International Development: The Role of Fiction in Training and Public Awareness

The effort by industrialised countries to assist in the development of newly independent and less advanced countries has now been underway for half a century. Much has been learned that will be of use to future technical experts and consultants with an ambition to work in this field, and universities in the USA, UK and elsewhere have set up training courses to prepare these people for the task ahead. Most of the materials used on these courses are dry technical reports that impart the facts but do not always convey the human interest. Here is where fiction written against an accurate technical and historical background has much to offer in sweetening the pill of studying and conveying the total human milieu in which socio-economic progress must be achieved. Fiction can also serve a purpose in providing the layperson and general reader, whose taxes and charitable donations fund the work, but who does not read the technical reports, with a palatable insight into the vast field of international development.

Perhaps the most important contribution that fiction can make to training for development is to help keep the effort people-centred. Projects are undertaken by people, for people, and each individual person has their own personal hopes and fears and also reflects to a greater or lesser extent the wider traditional and cultural attitudes of their extended family and ethnic community. In using fictional characters a novel can paint a colourful ‘warts and all’ picture that cannot be clearly presented in the monochrome language of an official document.

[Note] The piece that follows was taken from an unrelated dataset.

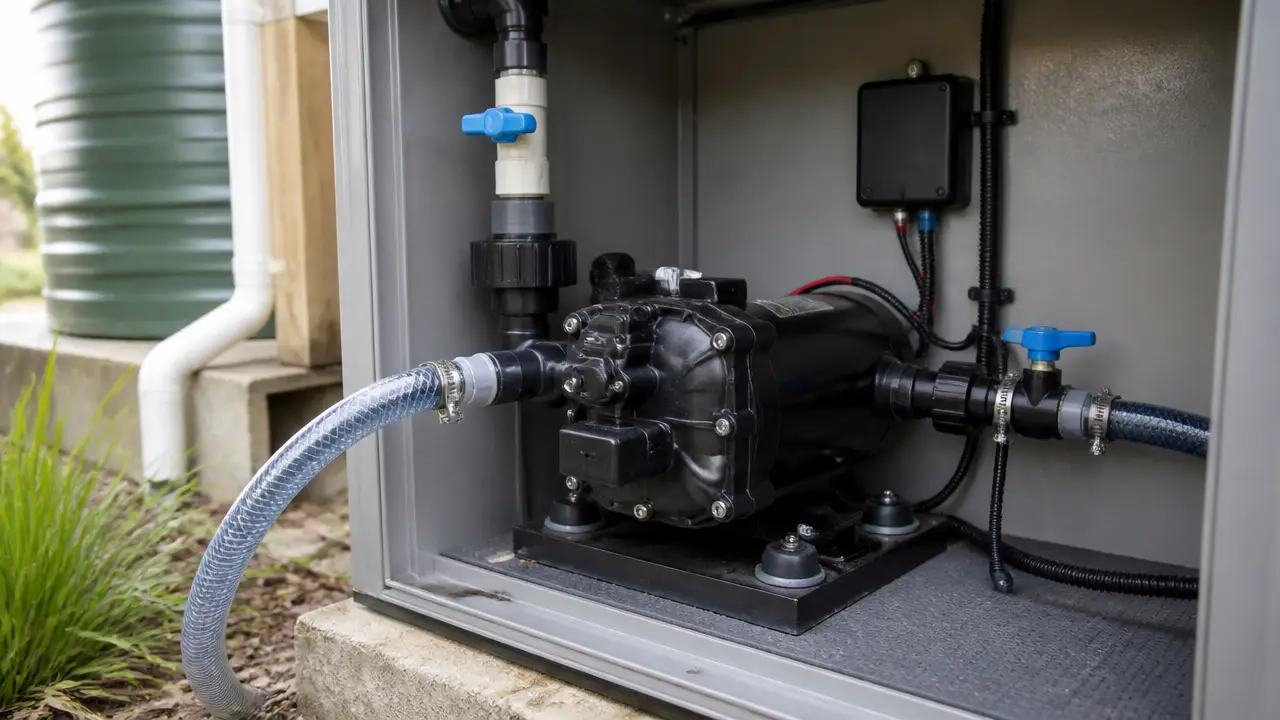 best diaphragm pumps for rainwater systems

Projects succeed or fail to the extent that they win the committed support of the intended beneficiaries; this is the only way of guaranteeing the continuation of the innovation after the international impulse has been expended. Success comes as much from anticipating the effect of negative characteristics as from engaging the positive attributes of both project workers and the target community. In communities that have experienced decades of failed projects, there has evolved an underground culture that seeks to subvert, for the immediate benefit of a chosen few, the next foreign-funded project to come their way. It is important to design projects that harmonise with people’s real needs, and so recruit the goodwill of the many to defeat the manipulations of the few. The necessary lessons can be learned only from a complete analysis of past experience and the results can be more fully presented in fiction than in a purely factual review.

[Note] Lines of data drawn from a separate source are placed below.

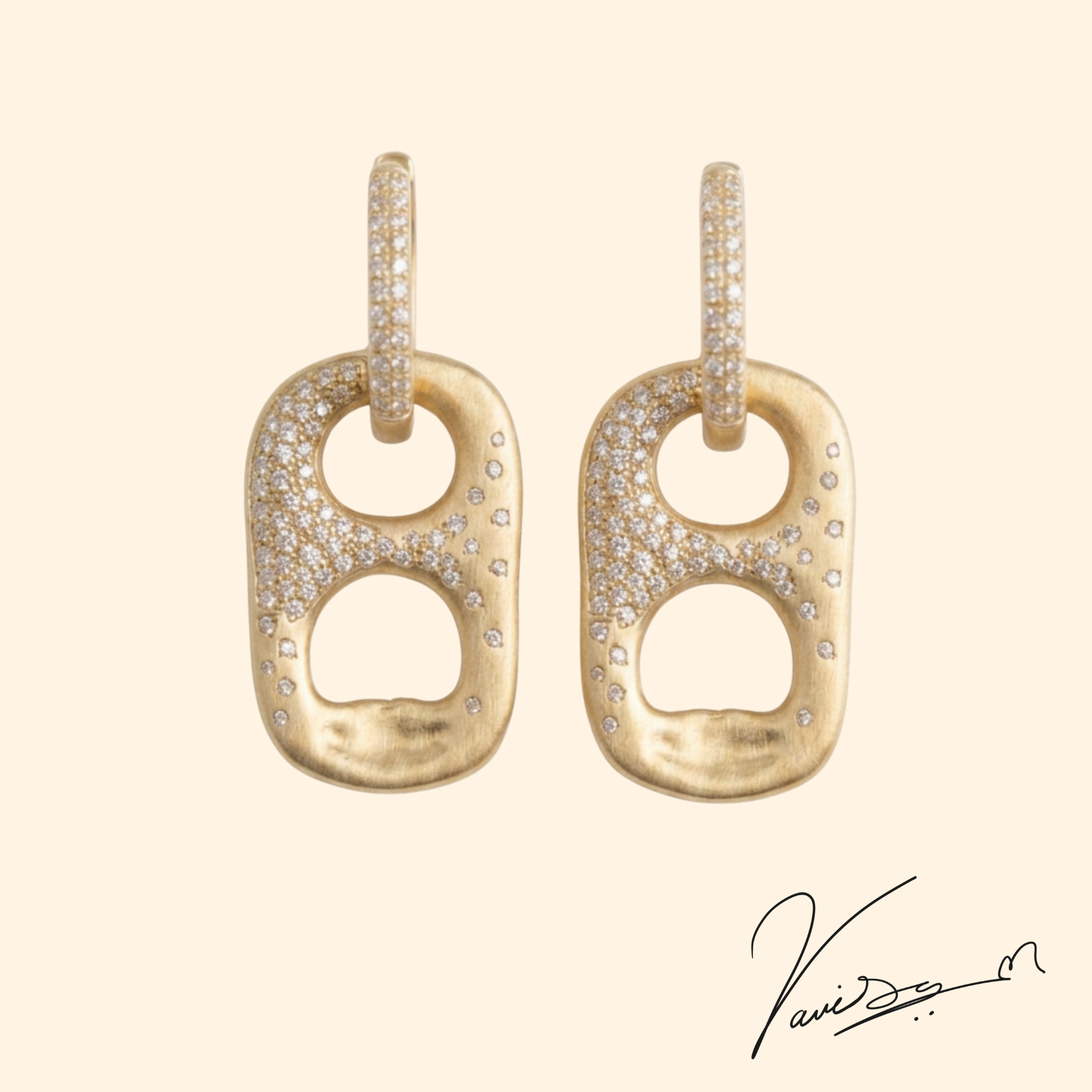 Pull-tab earrings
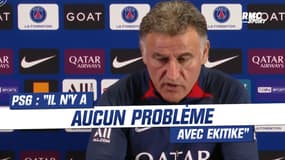 PSG : "Pas de problème Ekitike, il travaille" assure Galtier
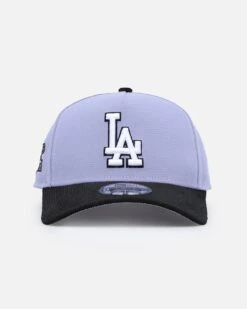 New Era Los Angeles Dodgers 9FORTY A-Frame Snapback Lavender/Black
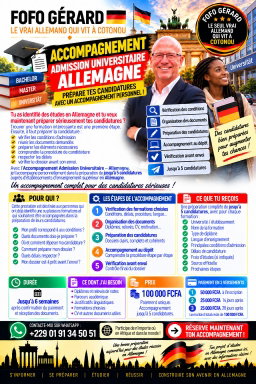 Accompagnement admission universitäre en Allemagne
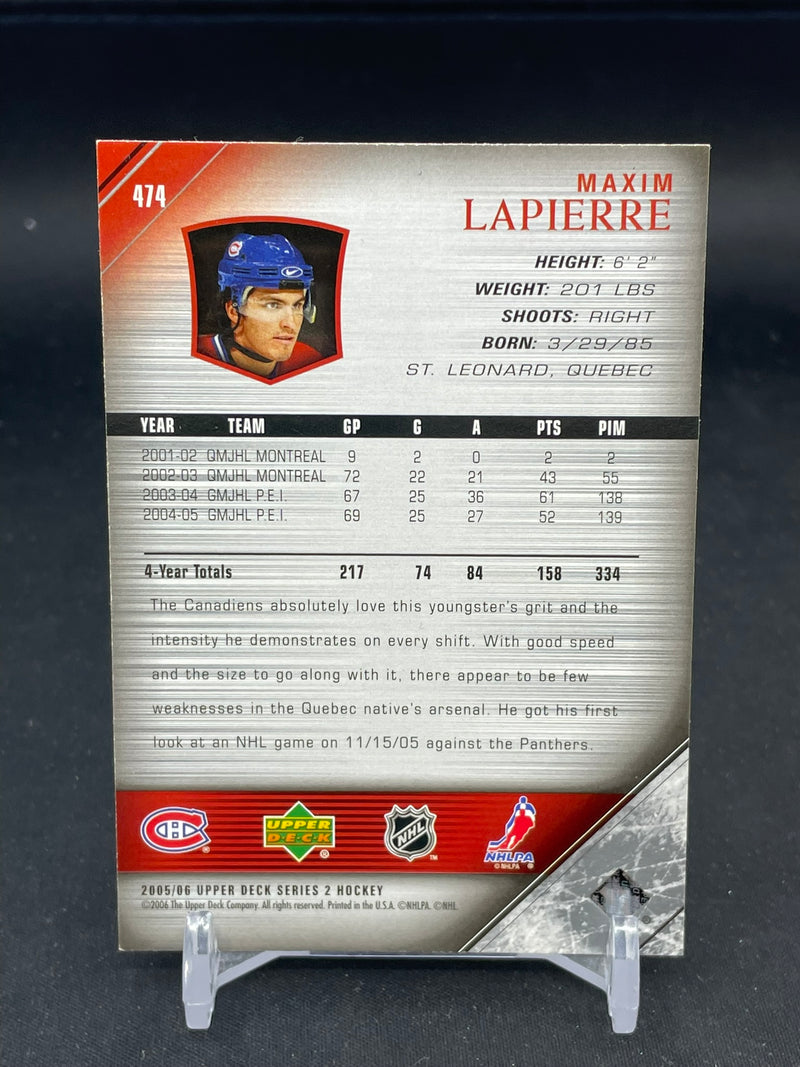 2005 UPPER DECK SERIES TWO - YOUNG GUNS - M. LAPIERRE -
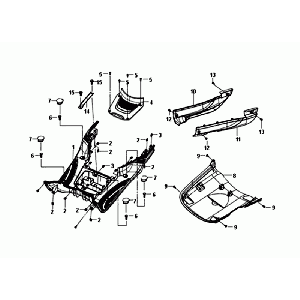 Fußplatte Rahmenabdeckung Sym Fiddle III Deep Ocean Blue (BU-280S)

The value of imagination in fiction writing should not be overlooked. Formal reporting records only what has happened and seldom speculates about what might have happened. The fiction writer can range freely over the field of possibilities, weaving unlikely scenarios and warning of unforeseen hazards as well as opportunities. This can help the development worker to be alive to the unexpected and to gain that degree of lateral thinking and flexibility of mind that yields great dividends in this field of work.

International development agencies sometimes commission reviews or meta-analyses of numerous projects in selected areas such as health, agriculture or small and medium enterprises (SME). Such studies must usually be limited in technical range, time scale or geographical extent. They may be comprehensive, detailed and statistically significant but difficult to read in full and often only perused in abstract and conclusions. Fictional accounts, on the other hand, need observe no constraints on technical topic, space or time, and can use variety and anecdote to enrich the text. Also, by introducing a human interest story they draw the reader on and by this means impart much more of the ambience of the real human and physical environment.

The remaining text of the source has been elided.